INTRODUCTION
Pulmonary arterial hypertension (PAH) is a progressive disease of the pulmonary vasculature and an important cause of right heart failure and death. Over the years, treatment options for PAH have evolved, leading to substantial improvement in quality of life and outcomes. Currently, several PAH-targeted therapies have been approved to treat PAH and the list is expanding. Present PAH-targeted therapies range from single-drug therapy to triple combination therapies and are selected based on a multiparametric risk assessment and individual patient prognostication. Many of these risk assessments in PAH patients are the sum of several nonmodifiable risk factors such as age, gender, type of PAH and modifiable factors such as comorbidities and symptoms. Large national and international PAH patient registries have been used to derive and validate clinically relevant variables associated with survival, yielding accurate discrimination of mortality at baseline and follow-up. Current European and American guidelines propose multidimensional, dynamic risk stratification based on functional status, exercise capacity, hemodynamics, echocardiography, blood biomarkers and pulmonary function testing.

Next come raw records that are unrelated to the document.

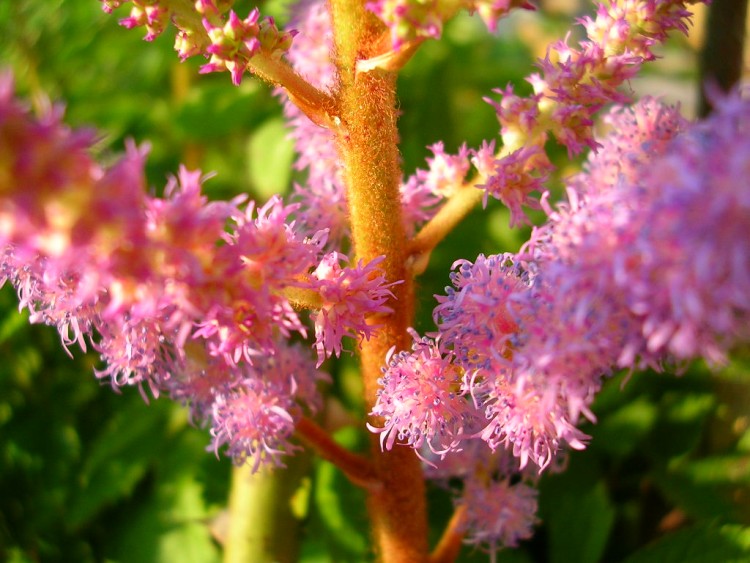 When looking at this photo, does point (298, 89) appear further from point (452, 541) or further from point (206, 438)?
point (206, 438)

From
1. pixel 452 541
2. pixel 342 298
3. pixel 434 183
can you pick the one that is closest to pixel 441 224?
pixel 434 183

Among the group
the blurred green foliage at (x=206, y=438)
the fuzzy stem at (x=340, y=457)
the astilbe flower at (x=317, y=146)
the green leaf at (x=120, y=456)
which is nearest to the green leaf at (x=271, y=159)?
the blurred green foliage at (x=206, y=438)

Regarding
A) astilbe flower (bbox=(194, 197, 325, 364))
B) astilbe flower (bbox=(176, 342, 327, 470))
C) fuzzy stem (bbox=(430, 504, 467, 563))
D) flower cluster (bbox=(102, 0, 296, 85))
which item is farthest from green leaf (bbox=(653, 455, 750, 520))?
flower cluster (bbox=(102, 0, 296, 85))

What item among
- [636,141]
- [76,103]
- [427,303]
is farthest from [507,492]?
[76,103]

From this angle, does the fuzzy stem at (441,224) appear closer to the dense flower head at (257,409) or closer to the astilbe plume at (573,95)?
the astilbe plume at (573,95)

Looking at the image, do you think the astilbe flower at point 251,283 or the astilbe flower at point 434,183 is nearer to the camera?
the astilbe flower at point 251,283

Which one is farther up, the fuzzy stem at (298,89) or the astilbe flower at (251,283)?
the fuzzy stem at (298,89)

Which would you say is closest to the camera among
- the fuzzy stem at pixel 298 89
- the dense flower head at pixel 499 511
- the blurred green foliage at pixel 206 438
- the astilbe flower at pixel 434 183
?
the fuzzy stem at pixel 298 89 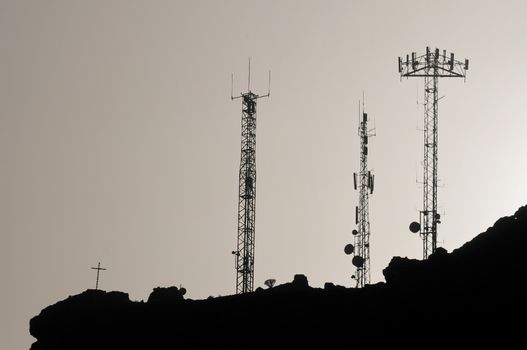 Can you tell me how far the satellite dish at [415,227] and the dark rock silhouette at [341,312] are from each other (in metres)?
18.4

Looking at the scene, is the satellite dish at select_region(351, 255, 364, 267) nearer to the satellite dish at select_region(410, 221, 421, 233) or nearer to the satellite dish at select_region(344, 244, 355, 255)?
the satellite dish at select_region(344, 244, 355, 255)

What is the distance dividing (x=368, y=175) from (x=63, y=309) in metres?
24.9

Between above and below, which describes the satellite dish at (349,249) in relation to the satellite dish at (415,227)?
below

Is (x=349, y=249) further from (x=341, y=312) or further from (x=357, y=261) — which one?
(x=341, y=312)

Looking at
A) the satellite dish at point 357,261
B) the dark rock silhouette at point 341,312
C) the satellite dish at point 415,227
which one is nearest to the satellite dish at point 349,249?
the satellite dish at point 357,261

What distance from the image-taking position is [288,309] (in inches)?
1911

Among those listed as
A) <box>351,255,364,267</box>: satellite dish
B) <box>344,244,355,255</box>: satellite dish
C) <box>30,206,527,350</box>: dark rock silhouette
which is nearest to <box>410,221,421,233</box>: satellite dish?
<box>351,255,364,267</box>: satellite dish

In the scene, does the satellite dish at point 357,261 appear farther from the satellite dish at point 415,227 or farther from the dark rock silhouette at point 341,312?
the dark rock silhouette at point 341,312

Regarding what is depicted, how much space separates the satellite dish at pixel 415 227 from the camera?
67.6 metres

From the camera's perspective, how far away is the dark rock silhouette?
42.6m

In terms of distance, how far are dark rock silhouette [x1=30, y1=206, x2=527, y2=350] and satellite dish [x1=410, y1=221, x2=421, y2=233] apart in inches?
724

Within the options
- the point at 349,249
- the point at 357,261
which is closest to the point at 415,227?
the point at 357,261

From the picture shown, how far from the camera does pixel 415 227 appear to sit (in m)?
67.6

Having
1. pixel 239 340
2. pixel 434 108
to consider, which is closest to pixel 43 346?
pixel 239 340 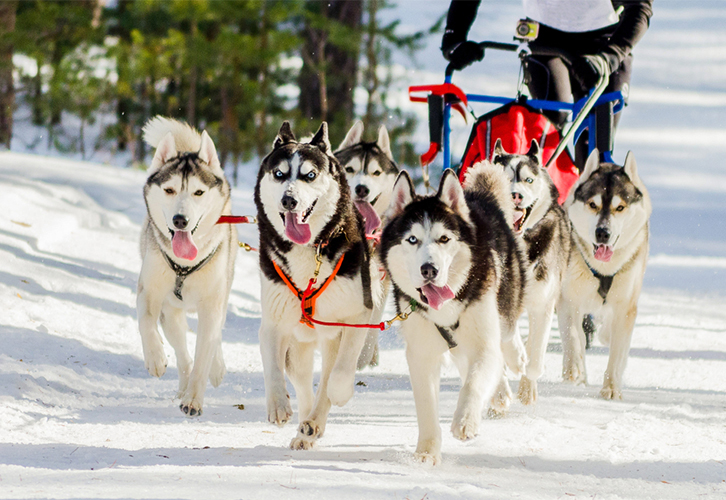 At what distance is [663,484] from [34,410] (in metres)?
2.58

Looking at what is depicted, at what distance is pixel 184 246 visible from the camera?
3709 millimetres

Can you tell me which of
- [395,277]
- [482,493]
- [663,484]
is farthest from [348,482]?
[663,484]

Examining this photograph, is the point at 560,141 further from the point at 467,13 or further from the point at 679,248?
the point at 679,248

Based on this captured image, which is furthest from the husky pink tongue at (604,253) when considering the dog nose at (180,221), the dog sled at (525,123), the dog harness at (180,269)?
the dog nose at (180,221)

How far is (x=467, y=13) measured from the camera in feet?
16.9

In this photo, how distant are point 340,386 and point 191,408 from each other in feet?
3.13

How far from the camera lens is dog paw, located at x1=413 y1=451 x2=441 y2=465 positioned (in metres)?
2.97

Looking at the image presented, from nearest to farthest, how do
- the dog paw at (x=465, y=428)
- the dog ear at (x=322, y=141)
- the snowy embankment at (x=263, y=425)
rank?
the snowy embankment at (x=263, y=425) < the dog paw at (x=465, y=428) < the dog ear at (x=322, y=141)

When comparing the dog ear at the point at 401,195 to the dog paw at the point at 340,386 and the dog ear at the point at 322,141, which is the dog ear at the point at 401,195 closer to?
the dog ear at the point at 322,141

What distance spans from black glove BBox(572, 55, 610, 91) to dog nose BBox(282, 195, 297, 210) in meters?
2.19

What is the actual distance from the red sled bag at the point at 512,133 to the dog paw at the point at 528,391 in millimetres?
1159

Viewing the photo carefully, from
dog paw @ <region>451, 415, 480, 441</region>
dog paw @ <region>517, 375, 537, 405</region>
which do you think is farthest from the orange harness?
dog paw @ <region>517, 375, 537, 405</region>

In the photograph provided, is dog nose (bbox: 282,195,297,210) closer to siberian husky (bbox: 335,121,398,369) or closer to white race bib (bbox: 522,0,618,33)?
siberian husky (bbox: 335,121,398,369)

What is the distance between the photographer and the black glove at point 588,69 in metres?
4.55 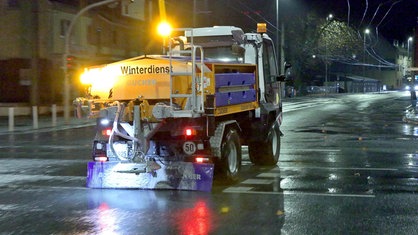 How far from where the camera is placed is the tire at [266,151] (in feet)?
40.4

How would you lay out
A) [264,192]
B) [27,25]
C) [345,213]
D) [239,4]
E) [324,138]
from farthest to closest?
[239,4], [27,25], [324,138], [264,192], [345,213]

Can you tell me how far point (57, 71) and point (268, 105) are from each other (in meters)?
28.1

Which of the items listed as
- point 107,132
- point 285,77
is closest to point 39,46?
point 285,77

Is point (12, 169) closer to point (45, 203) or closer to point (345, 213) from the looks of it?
point (45, 203)

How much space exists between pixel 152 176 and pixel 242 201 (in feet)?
5.72

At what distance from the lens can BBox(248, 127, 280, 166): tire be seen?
12.3 meters

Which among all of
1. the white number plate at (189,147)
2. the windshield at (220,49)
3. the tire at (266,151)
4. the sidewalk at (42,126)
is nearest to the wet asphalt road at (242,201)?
the tire at (266,151)

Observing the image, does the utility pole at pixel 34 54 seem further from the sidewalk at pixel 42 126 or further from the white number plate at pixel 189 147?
the white number plate at pixel 189 147

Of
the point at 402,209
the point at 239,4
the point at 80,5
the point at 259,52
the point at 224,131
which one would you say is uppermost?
the point at 239,4

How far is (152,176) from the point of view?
376 inches

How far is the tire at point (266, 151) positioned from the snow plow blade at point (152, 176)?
314cm

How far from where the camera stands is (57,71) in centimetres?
3772

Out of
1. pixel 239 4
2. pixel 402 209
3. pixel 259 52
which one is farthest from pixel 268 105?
pixel 239 4

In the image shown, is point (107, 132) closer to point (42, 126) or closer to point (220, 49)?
point (220, 49)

Most of these risk assessment tools are derived from PAH registries, which are mainly comprised of a Caucasian population and only a small percentage of patients were of Hispanic ethnicity. For example, in the REVEAL registry, less than 10% of the enrolled patients were identified as Hispanics. Very little is known about the Hispanic PAH population with regard to risk assessment, outcomes and response to therapy. In a precision medicine approach, recent cardiovascular disease (CVD) guidelines for heart failure (HF) and systemic hypertension (HTN) have addressed therapies in different ethnical and vulnerable populations with specific recommendations. Presently, no proposed ethnicity-specific management for PAH patients exist. Therefore, it is unknown whether the currently used algorithms to estimate survival apply to different PAH ethnicities at baseline or after initiation of PAH-targeted therapies. This study aimed to investigate if commonly used risk stratification strategies for PAH carry similar prognostic values in Hispanic patients at baseline. Hence, we analyzed data from a single-center Hispanic PAH cohort to validate commonly used prognostication tools (such as the REVEAL score and a modified version of the ESC/ERS 3- and 4-strata models for PAH).
METHODS
Study population
This was a single-center retrospective study conducted in a large referral center, University Medical Center (UMC) at the American Mexican border with access to all advanced PAH-targeted therapies. Of 232 total patients with PAH, 135 Hispanic PAH patients who met the inclusion criteria and were consecutively managed at the University Center between January 2015 and December 2021 were included. Patients were enrolled in this registry as inpatients with outpatient follow-up or as outpatients only. Since the hemodynamic definition of PAH has changed, we used different enrollment criteria before and after 2019. We chose only patients who met the following criteria based on previous and most recent guidelines: (1) treatment-naïve with newly diagnosed PAH, (2) initiation of PAH-targeted therapies within 6 months after diagnosis, (3) mean pulmonary artery pressure >25 mmHg (>20 mmHg after 2019), pulmonary artery wedge pressure <15 and pulmonary vascular resistance (PVR) >3 wood units (PVR > 2 after 2019), (4) exclusion of WHO-group 2, 3, and 4 PH based on past medical history, echocardiography, high-resolution chest imaging, pulmonary function testing, and ventilation perfusion scans. PAH-targeted therapies were reported within 3 months after diagnosis of PAH. Ethnicity was self-reported and extracted from patients' medical records.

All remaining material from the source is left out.